Wednesday, 30 May 2007

Workplace Relations Amendment (a Stronger Safety Net) Bill 2007

Second Reading

4:38 pm

Photo of Kerry BartlettKerry Bartlett (Macquarie, Liberal Party) Share this | Hansard source

I rise to support the Workplace Relations Amendment (A Stronger Safety Net) Bill 2007. It enhances and strengthens the safety net for Australian workers. The central feature of this legislation is the fairness test, which guarantees that when workers enter into a workplace agreement it will be a fair one. It will guarantee that any protective conditions traded off will have been fully and fairly compensated, as they usually are, in higher wages. This will be examined by and will need to be approved by an independent statutory authority, the Workplace Authority. Further, the Workplace Authority will ensure compensation in any case where an AWA is not deemed to be fair and will require changes to agreements to ensure that they are. The work of the Workplace Authority will be backed up by the Workplace Ombudsman—if you like, a workers’ watchdog—also appointed by the Governor-General. This is in contrast with Labor’s proposed Fair Work Australia, which would be manned by the unions, run by the unions and operated for the unions.

This legislation will ensure the best of both worlds.

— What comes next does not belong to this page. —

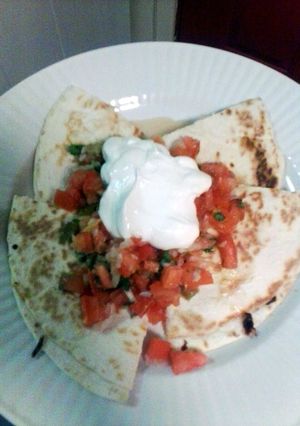 A picture of Chicken Quesedilla.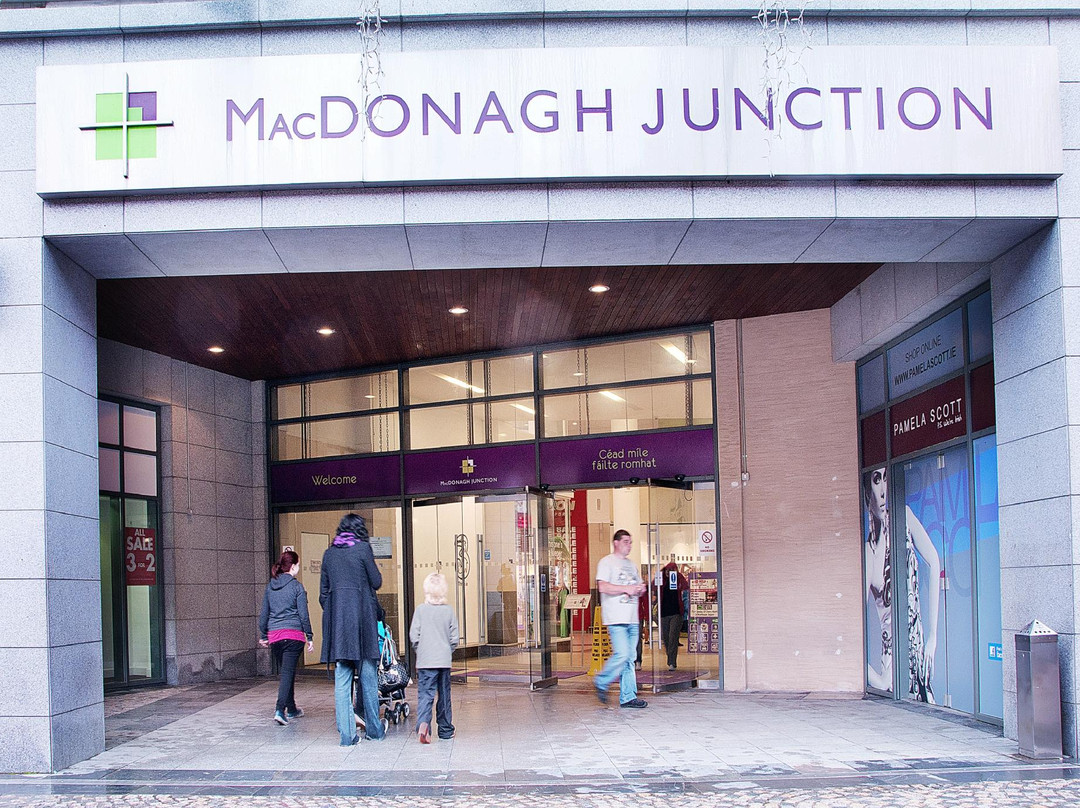 MacDonagh Junction Shopping Centre-基尔肯尼必去景点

Firstly, it will ensure strong protection for workers to ensure a fair deal, to ensure that they are no worse off under any agreement; and, secondly, it will ensure a continuation of the flexibility of Australian workplace agreements, which have delivered productivity increases and pay rises and which have allowed workers and employers to negotiate mutually agreeable arrangements that suit their own family needs, study needs et cetera.

It is worth pointing out—and these are not my statistics but the statistics of the Australian Bureau of Statistics—that people on AWAs are earning, on average, nine per cent more than people on collective agreements, and a massive 94 per cent more than people on awards. This legislation provides protection but still allows the flexibility that has increased productivity, will continue to increase productivity and will ensure those ongoing pay rises.

It is also worth pointing out the record and comparing it with the claims and the scaremongering that we heard from the Labor Party and the union movement 18 months ago when this legislation was introduced. First of all, they said that, by ending the unfair dismissal laws, we would see mass dismissals, that there would be rising unemployment and that workers would be put off just at the whim of employers. The member for Rankin might not agree, but that was clearly the message from the opposition and from the trade union movement.

What have been the results in the past 15 months? The results are an absolute denial of the claims that we heard from those opposite. Since March last year, 326,000 new jobs have been created. Ninety per cent of those are full-time jobs, thus ending the casualisation of the workforce that had been going on for some time. Unemployment is down to its lowest level in 33 years, down to 4.4 per cent, building on the improvements that we have already seen over the past 10 years following the first round of workplace relations changes introduced by this government in 1997—changes that have reduced unemployment, dramatically reduced youth unemployment and lowered the ranks of the long-term unemployed. So much for the scare campaign from those opposite that we would see rising unemployment. We have welcome low levels of unemployment not seen for at least 33 years in this country.

The second nonsense we heard from the other side was that wages would be driven down; that, supposedly, the aim of this legislation was to drive down wages. What has happened? Again, the very opposite. In the last year, wages have risen by 4.1 per cent on average and real wages are up by 1.5 per cent. Compare the record of the Howard government with the record of the Labor Party that is supposed to be the workers’ friend. In the last 11 years under the Howard government, we have had real average wages rise by 19.8 per cent. What did we have under Labor? We actually had a fall in real wages in the 13 years of Labor—and Labor proudly boasted that they would drive down wages. It could not be a clearer contrast: Labor drove wages down; this government has lifted wages in real terms by 19.8 per cent, faster than inflation.

The other aspect of the scaremongering we heard was that the Fair Pay Commission would somehow erode the wages of workers. What was the first decision by the Fair Pay Commission late last year? A rise in the minimum wage of $27 a week, a rise that stunned even the Labor Party and the ACTU because of its magnitude.